PROBLEM DESCRIPTION: The records are to be copied from the line that contains "Burberry BE4426 Sunglasses" through their last line, word for word, with every picture left out.

RECORDS FOR THIS TASK:
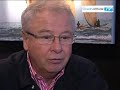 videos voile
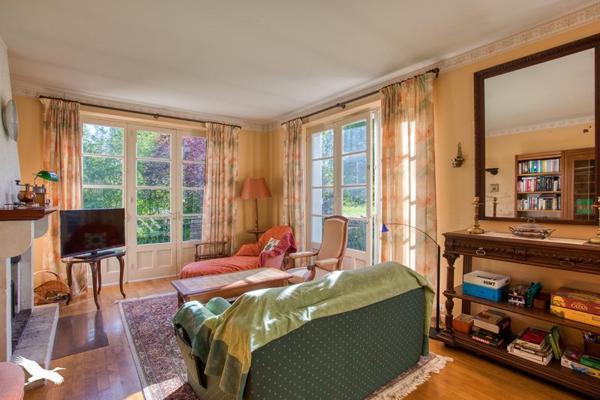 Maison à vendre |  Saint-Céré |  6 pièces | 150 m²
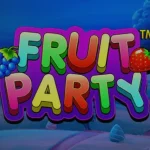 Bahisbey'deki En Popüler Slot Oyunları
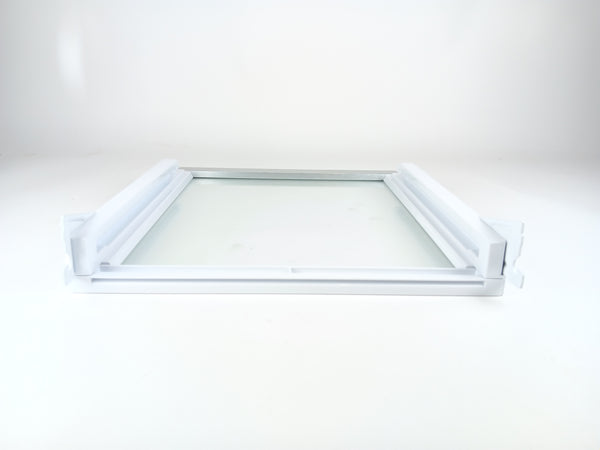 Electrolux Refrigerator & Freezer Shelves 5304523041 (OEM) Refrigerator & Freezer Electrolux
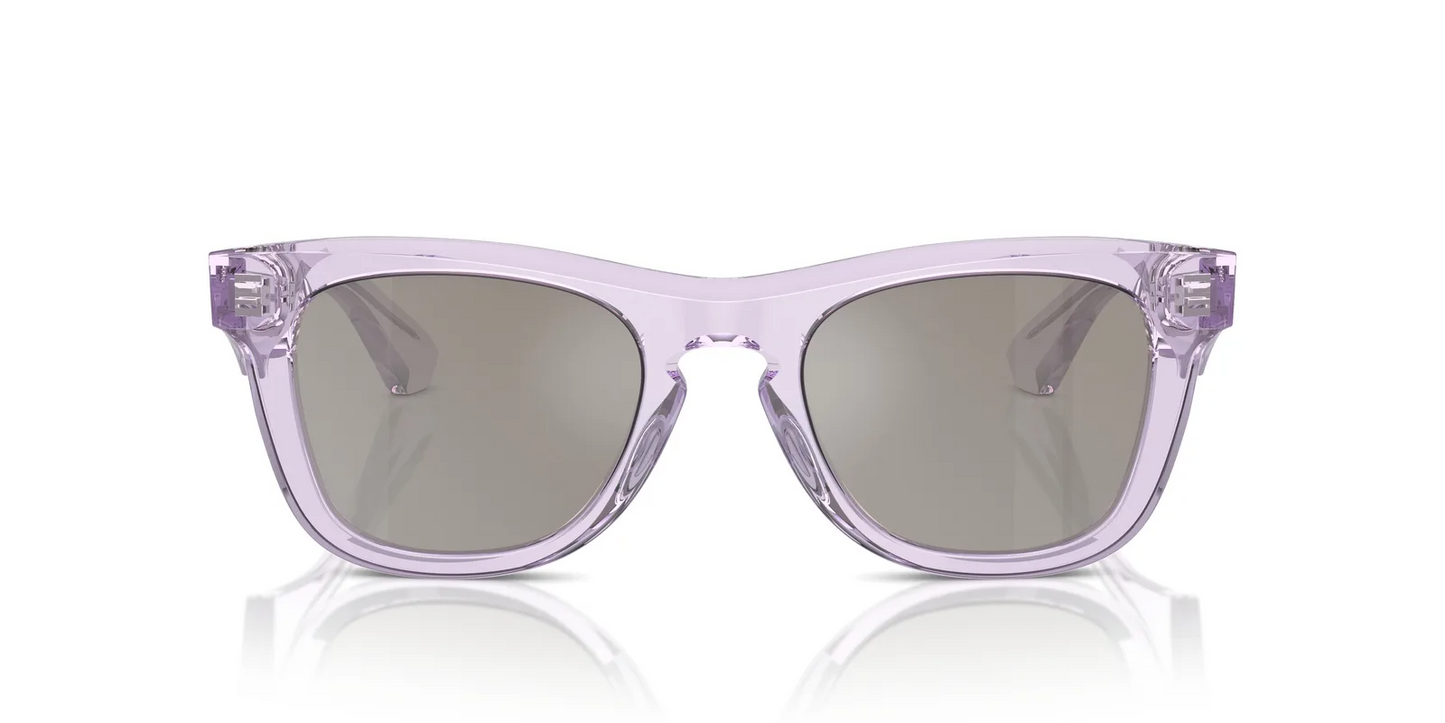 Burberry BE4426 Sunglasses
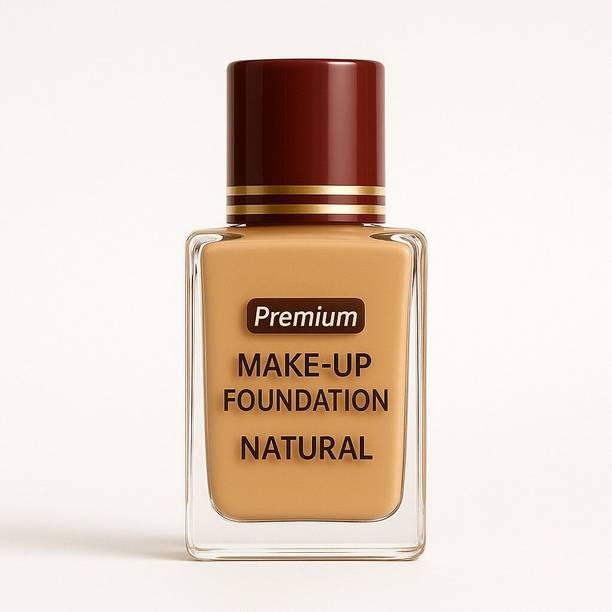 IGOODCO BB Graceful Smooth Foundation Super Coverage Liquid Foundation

WRITTEN ANSWER:
 Burberry BE4426 Sunglasses
 IGOODCO BB Graceful Smooth Foundation Super Coverage Liquid Foundation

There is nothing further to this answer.